We did take some steps in these directions. We invested some effort, perhaps quixotically, in developing an elementary statistical software package designed for student use. A book that Erik Austin, Gordon Kirk, and I published was a kind of experiment using approaches of this sort to explore historical problems. I also experimented with use of historical data and elementary social science methods in a couple of freshman seminars. All of the results were encouraging, but the broader effort never got much beyond the wishful thinking state.

To keep things short, I will only mention one more failure. I was never able to gain the kind of recognition — monetary and in other forms — for the Consortium staff that was deserved. Fortunately, many staff members chose to remain with the Consortium even though they could have done a good deal better elsewhere. I hope that my successors have and will continue to do better.

What do you see as some of the future challenges and opportunities for ICPSR?

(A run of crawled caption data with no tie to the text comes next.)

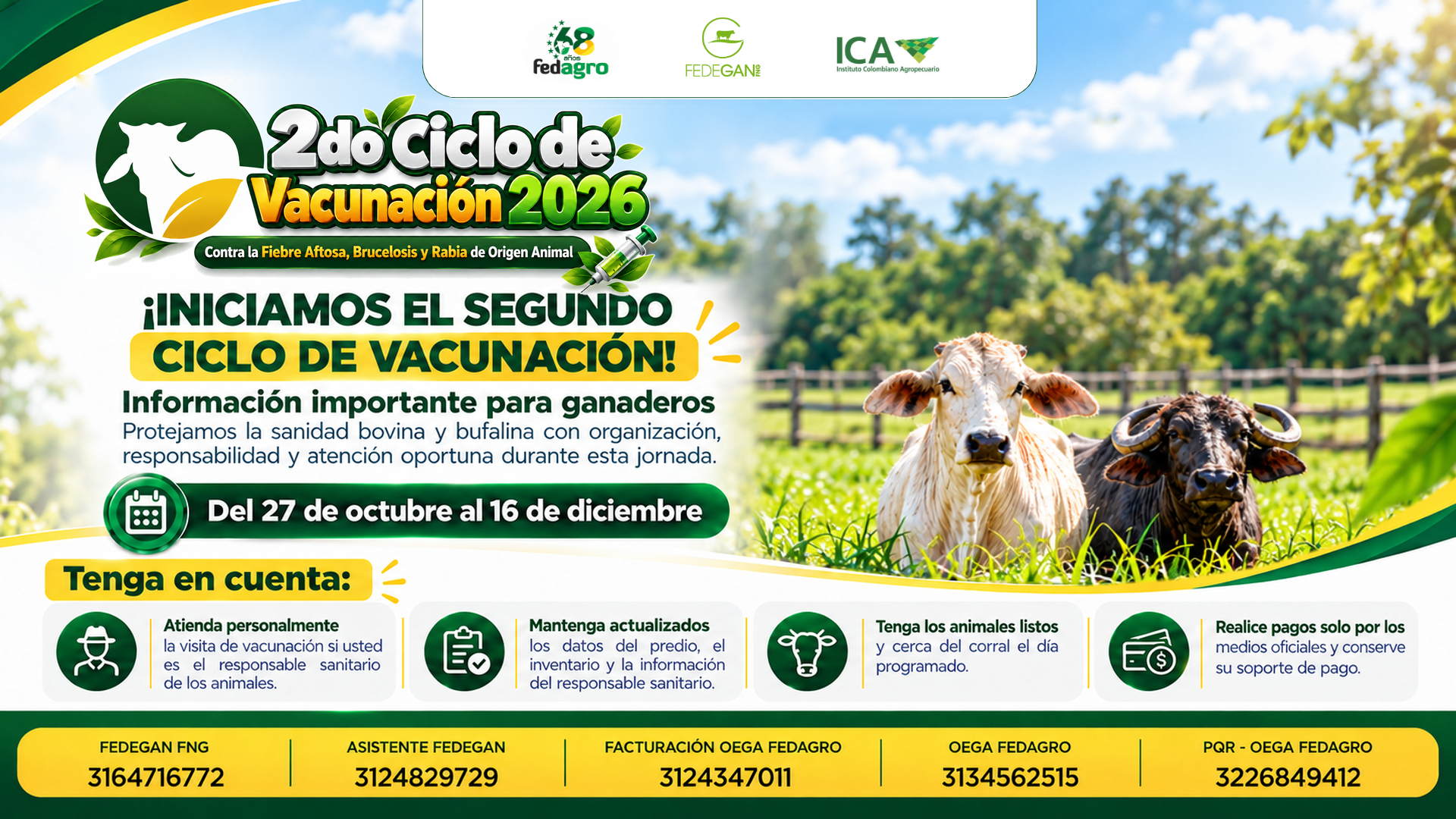 Copia de Banner Cuentas oficiales vacunación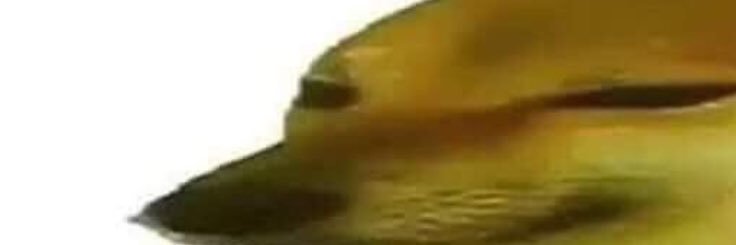 NStevnsborg's profile banner image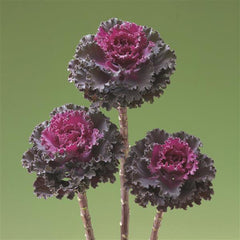 Ornamental Kale Crane Ruffled Red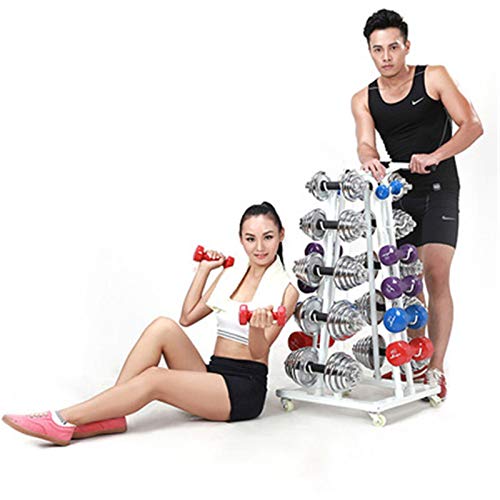 ChengBeautiful Soporte para Mancuernas Multi-Capa Manual Torre de Levantamiento de Pesas Gimnasio Hexagonal Dumbbell Rack Home Fitness Sports Dumbbell Rack (Color : White, Size : 96x50x50cm)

I have been out of the game for a long time and my information about ICPSR comes only from somewhat desultory observation “from afar.” However, I imagine that the challenges of the future will remain much the same as they have always been: accurately identifying the needs of the social sciences and devising means to aid in meeting those needs. Keeping abreast of changing information technology is and always has been a major challenge, but identifying and remaining current with substantive goals and needs is a more difficult and probably more important challenge.

At the risk of registering more specific ignorance, I would guess that a major future challenge will be research at the intersection of social and biological factors in shaping human behavior. This would mean working with new forms of data and also meeting new challenges where privacy and confidentiality are concerned. But whatever the challenges of the future, the past record indicates that the ICPSR staff will be able to meet them.